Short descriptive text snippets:
⟨

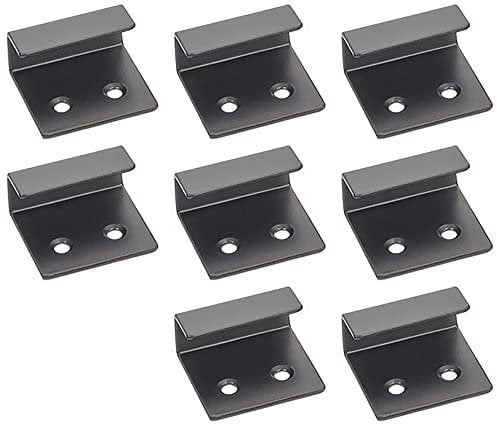 Supporto per piastrelle in acciaio inox, 8 pezzi, spessore 20 mm, spessore 20 mm, kit di fissaggio a specchio, staffa per display per piastrelle in ceramica resistente (nero)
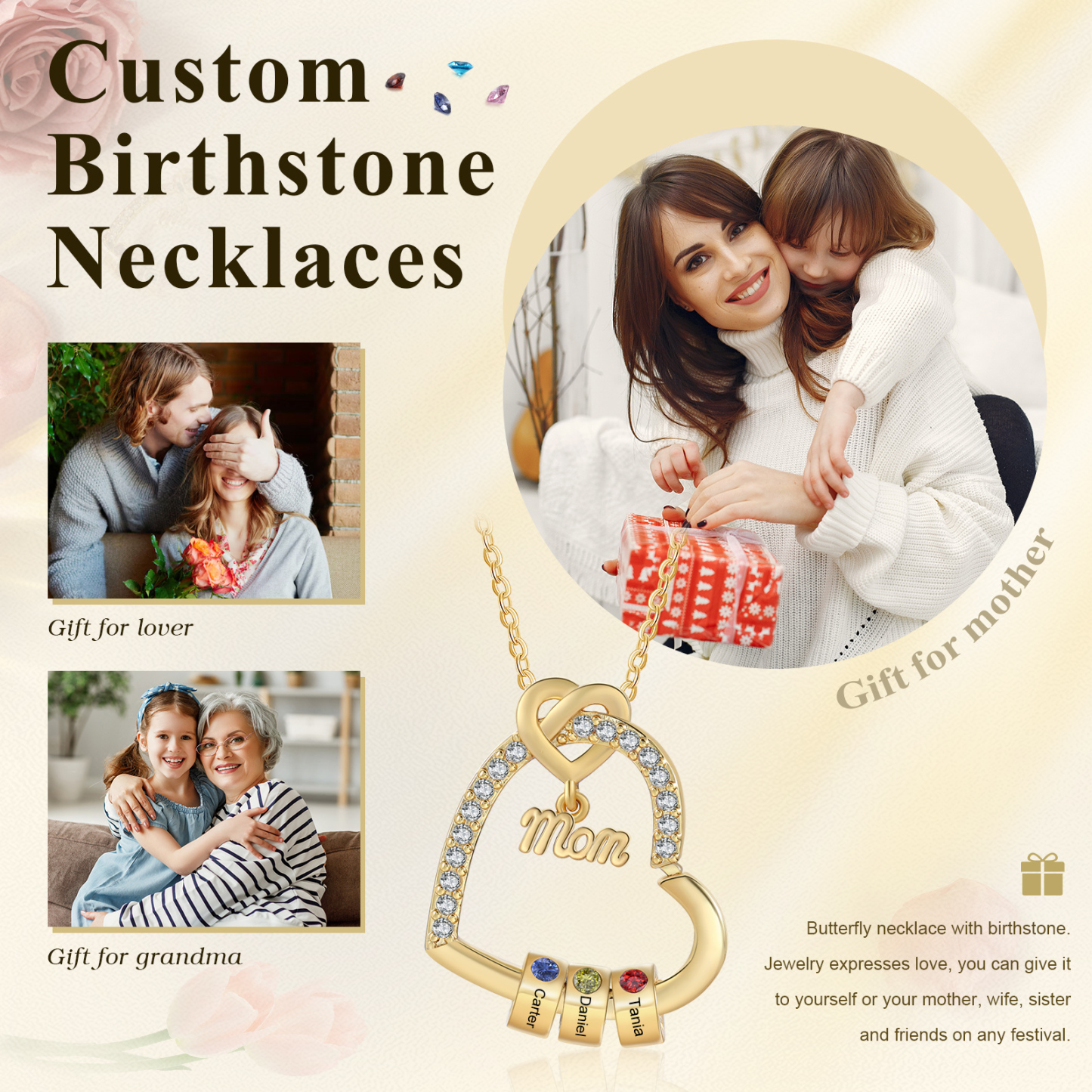 3 Names & Birthstone - Personalized Mother’s Day Necklace with Name, Title & Birthstone - Heart Pendant for Mom, Grandma - Mother's Day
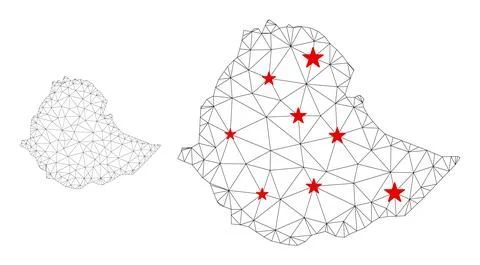 Polygonal 2D Mesh Vector Ethiopia Map with Stars イラスト素材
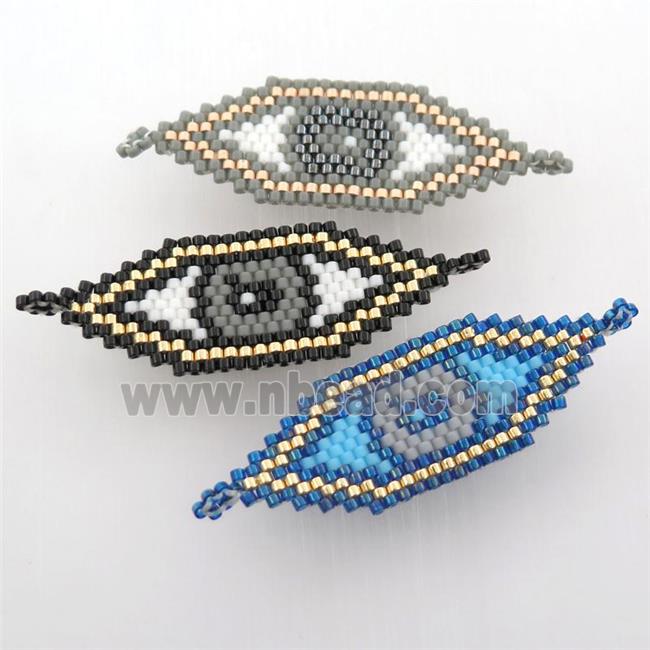 Handcraft connector with seed glass beads, mix color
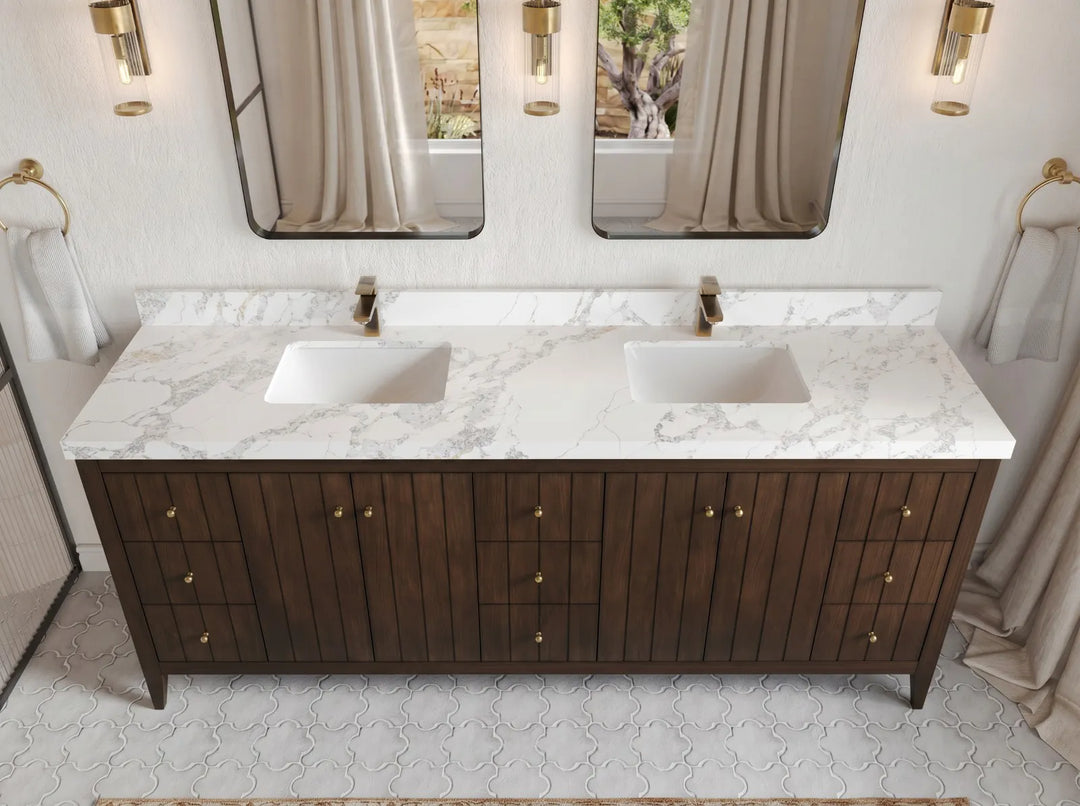 Atlanta Teak Wood 84 in. W x 22 in. D Double Sink Bathroom Vanity | 
              
                Dark Walnut Finish Teak
                
                  
             - ATL_TK_WLN_WHQZ_84 - photo №2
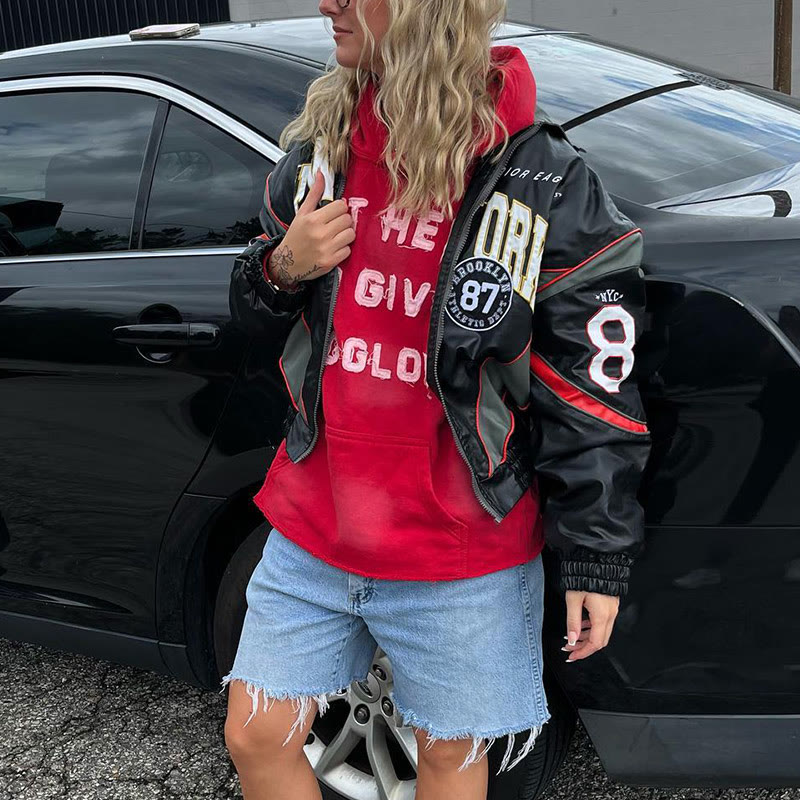 Street Style Just Here To Give God Glory Cross-letter Patch Embroidered Loose Unisex Hoodie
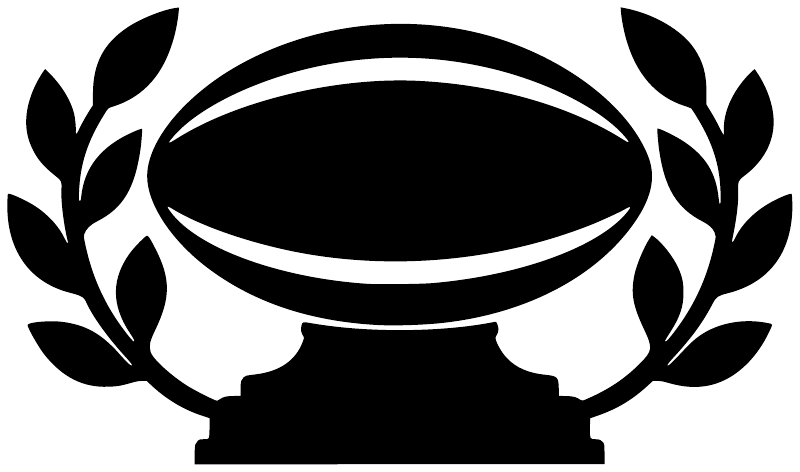 Football laurel award vinyl decal: black trophy and football inside laurel wreath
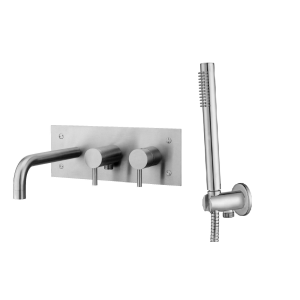 PAFFONI MITIGEUR EMBRAYAGE BAIGNOIRE 2 SORTIES AVEC ENSEMBLE DE DOUCHE EN ACIER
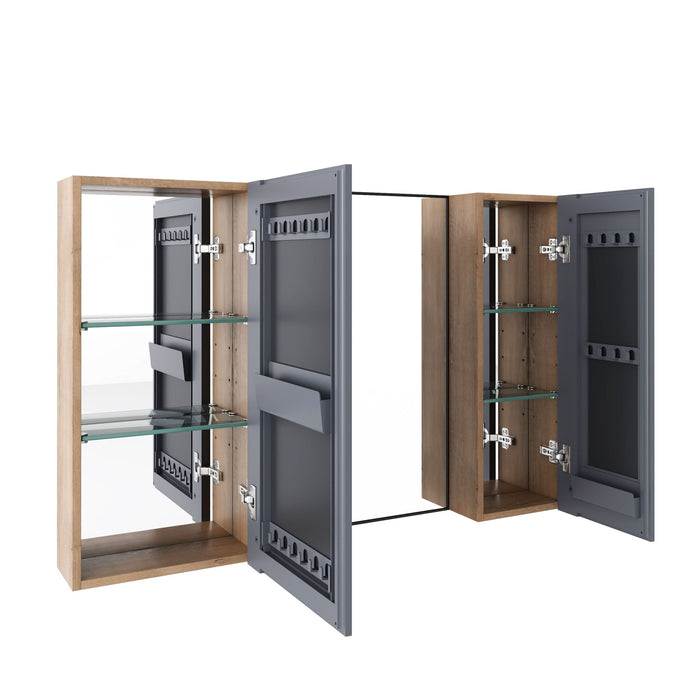 43.3" Wall Mounted Bathroom Cabinet With Adjustable Shelves, Door Storage Cabinet - Imitative Oak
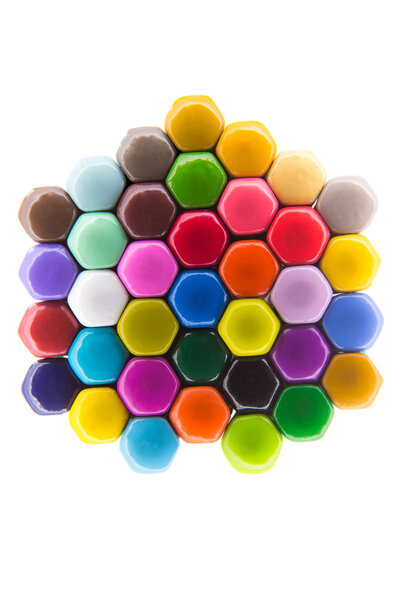 Vivid hexagonal pattern in rainbow colours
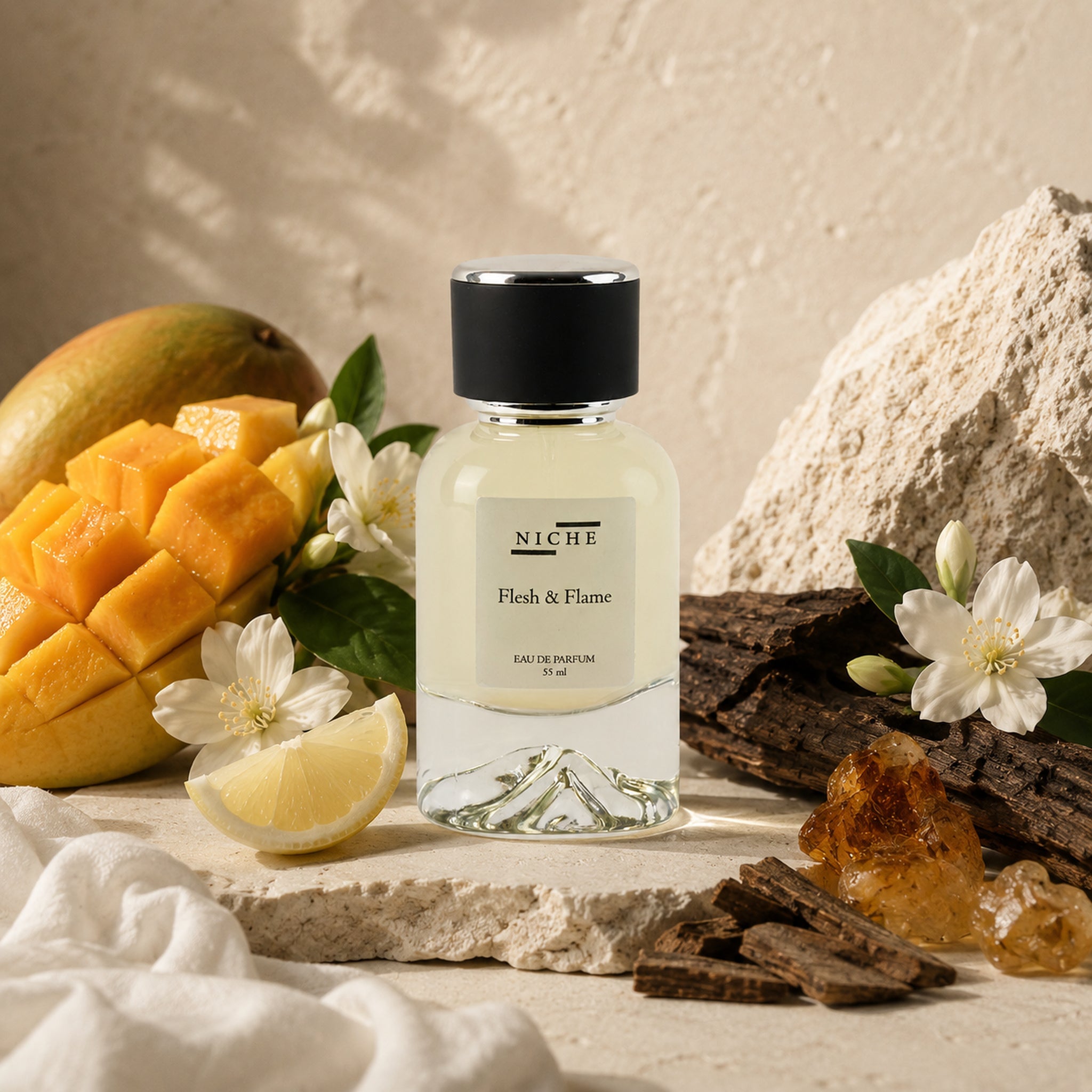 Flesh & Flame by Niche Eau de Parfum (Inspired by Stephane Humbert Lucas's God Of Fire) with a sensorial composition of its fragrance notes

⟩

* Exercise objective *
Look above for the line with "Dark Walnut Finish Teak" and copy exactly from it through the line with "- Imitative Oak", both included. Omit the pictures.

* Final answer *
                Dark Walnut Finish Teak
                
                  
             - ATL_TK_WLN_WHQZ_84 - photo №2
 Street Style Just Here To Give God Glory Cross-letter Patch Embroidered Loose Unisex Hoodie
 Football laurel award vinyl decal: black trophy and football inside laurel wreath
 PAFFONI MITIGEUR EMBRAYAGE BAIGNOIRE 2 SORTIES AVEC ENSEMBLE DE DOUCHE EN ACIER
 43.3" Wall Mounted Bathroom Cabinet With Adjustable Shelves, Door Storage Cabinet - Imitative Oak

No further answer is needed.